Los supervivientes de Tayabas, conocedores de que España se había rendido y desesperados por la falta de noticias, decidieron organizar una fuga. En octubre, el comandante Pacheco logró burlar la vigilancia de los guardias y atravesó el país en guerra para darse de cara con la deprimente realidad. Ya no les importaban a nadie.
Perdidos en la jungla
El gobierno filipino exigió en un principio un rescate por cada prisionero, pero EEUU prohibió toda comunicación oficial entre España y Filipinas. Aquellas islas pertenecían ahora al gigante americano y cualquier contacto diplomático entre España y los katipuneros sería reconocerlos como estado independiente, algo que Washington no podía tolerar. Así, en un limbo legal, cualquier intento de rescate pasaba por dialogar con el Ejército y la Armada estadounidenses que, en guerra con sus antiguos aliados filipinos, nunca situó a los prisioneros españoles en su lista de prioridades.
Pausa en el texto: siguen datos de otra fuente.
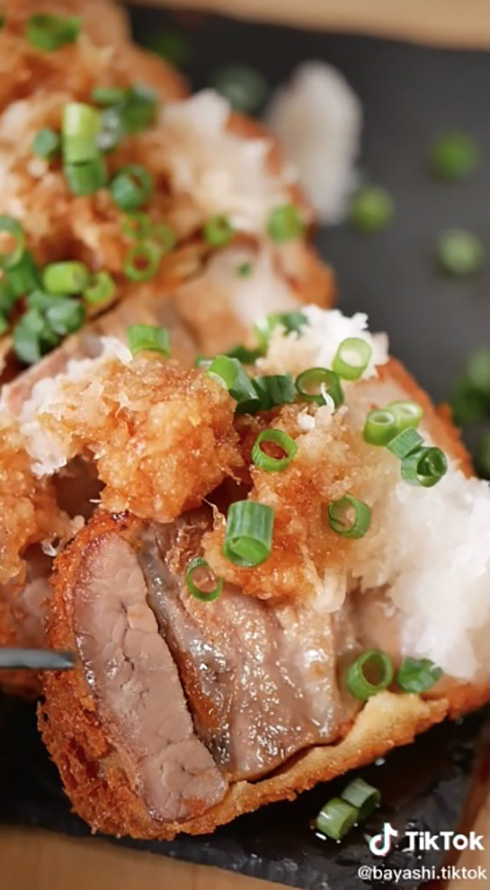 派手な演出とスピーディな展開の飯テロ動画　TikTokerの豪快レシピがおいしそう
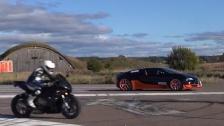 Uncut Exterior view rolling RACE BMW S1000RR vs Bugatti Veyron Vitesse 1200 HP
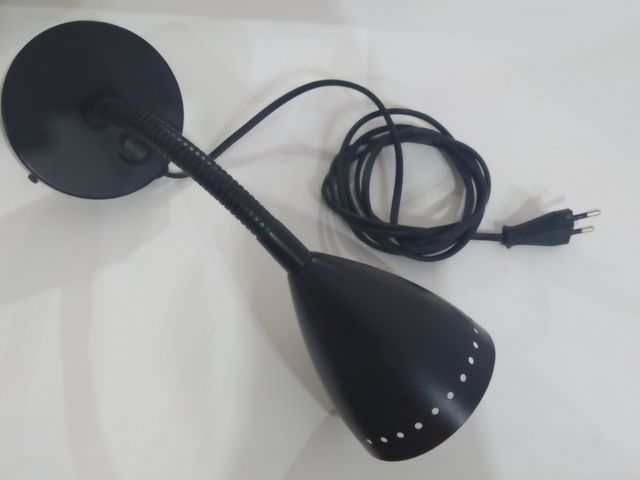 Foco,flexo,lampara de escritorio o mesita de noche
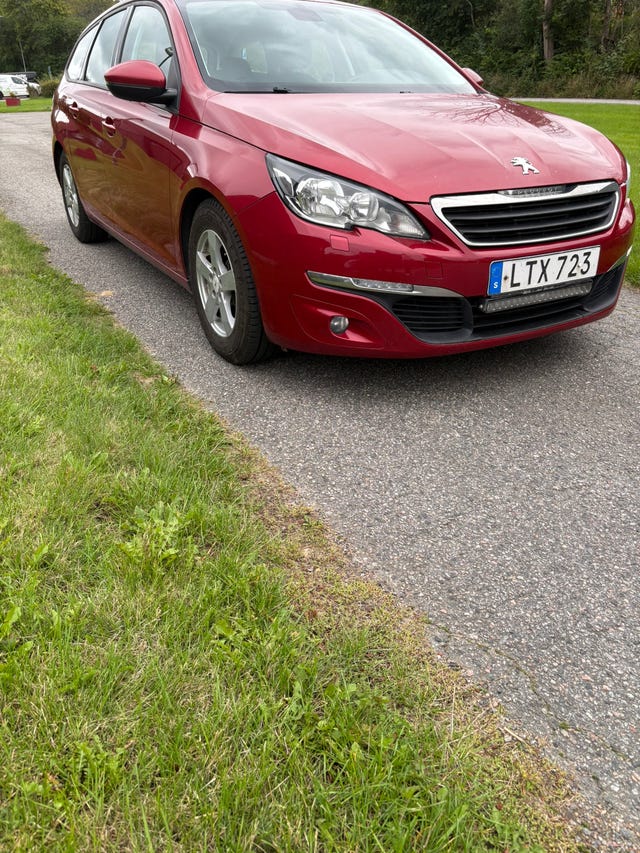 Peugeot 308 SW 2015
"El 3 de junio de 1899 finalizaba la repatriación oficial de prisioneros. Poco después se rendían los últimos de Baler y también regresaron a España. Pero después de los últimos de filipinas aún quedaban dispersos por la selva cinco mil soldados españoles, olvidados por España... Solo los recordaban sus familiares sin saber si estarían vivos o muertos", explica Carmen García, doctora en Historia y teniente de navío, en una de sus entradas en el blog del Museo Naval.
Tras la evasión de su comandante, que fue repatriado a España, la situación de los supervivientes empeoró y tras un nuevo intento de fuga masiva fueron encerrados en cuevas. Alejados de la luz solar en el corazón de la tierra, sus celdas se inundaron varias veces con las crecidas de un río cercano y muchos se ahogaron. Los pocos que quedaban vivos fueron trasladados en penosas marchas campo a través hasta que les asentaron en el recóndito pueblo de Rosario.
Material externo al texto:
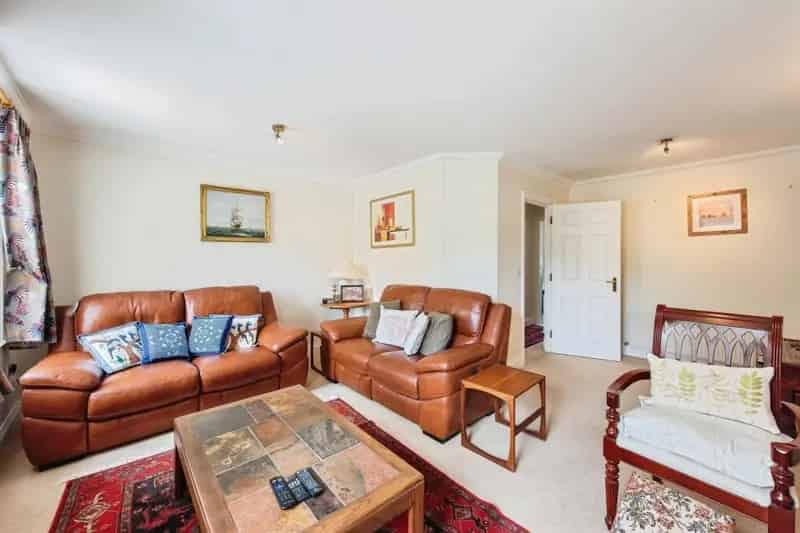 4 Bed Townhouse in Bury St Edmunds with 2 En-Suites and Courtyard Garden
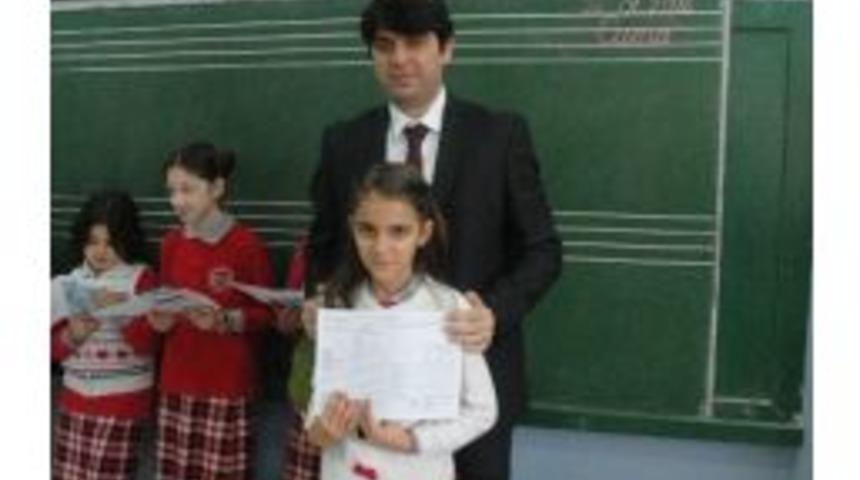 Selendi'de &Ouml;ğrencilerin Karne Sevinci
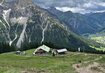 Hütte, Dorf, Wiese, Berge | © (c) Bettina Lungkofler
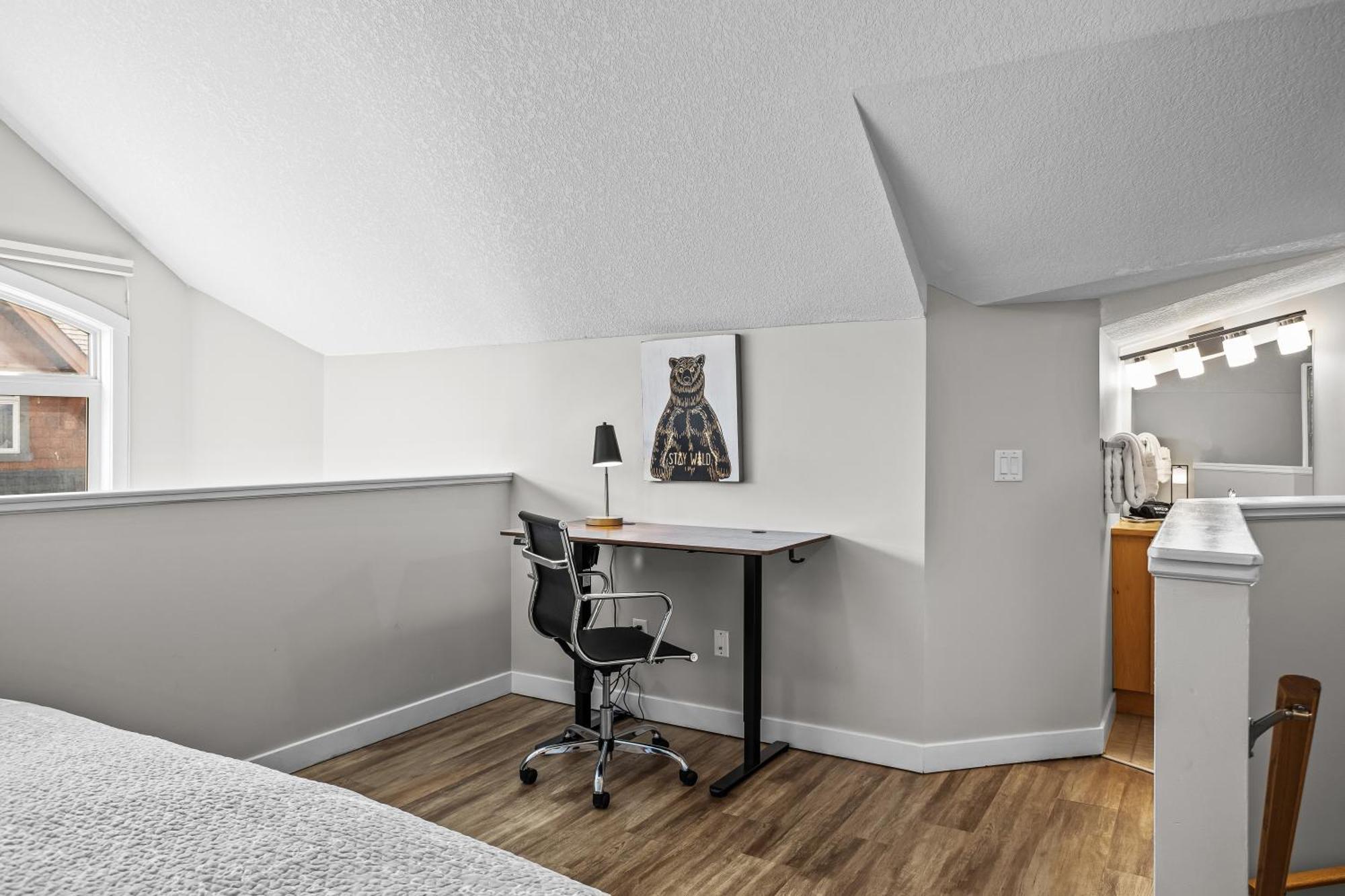 Charming 1 Bdrm Plus Loft With Views Managed By Little Sister Getaways Canmore Exterior foto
El 13 de enero de 1900, el Ejército estadounidense conquistó Lipa, a escasos kilómetros de Rosario. Allí también había algunos presos que fueron liberados y rogaron a los americanos que rescatasen a sus compatriotas. "Pero Rosario no poseía ningún valor estratégico y el 38 de voluntarios de Estados Unidos tenía órdenes de dirigirse hacia Batangas. Por fortuna, un ingenioso soldado español fugado de Rosario consiguió engañar a los norteamericanos mediante un ardid y el coronel Anderson lanzó a su caballería hacia Rosario", explica Carmen García.
Al llegar a Manila, cinco oficiales y un cabo se fotografiaron bajo un cartel que rezaba "Al salir del cautiverio". Presidiendo el grupo se encuentra el teniente Mariano Mediano que según cuenta la leyenda, había jurado no afeitarse la barba hasta regresar a una España que les había ignorado.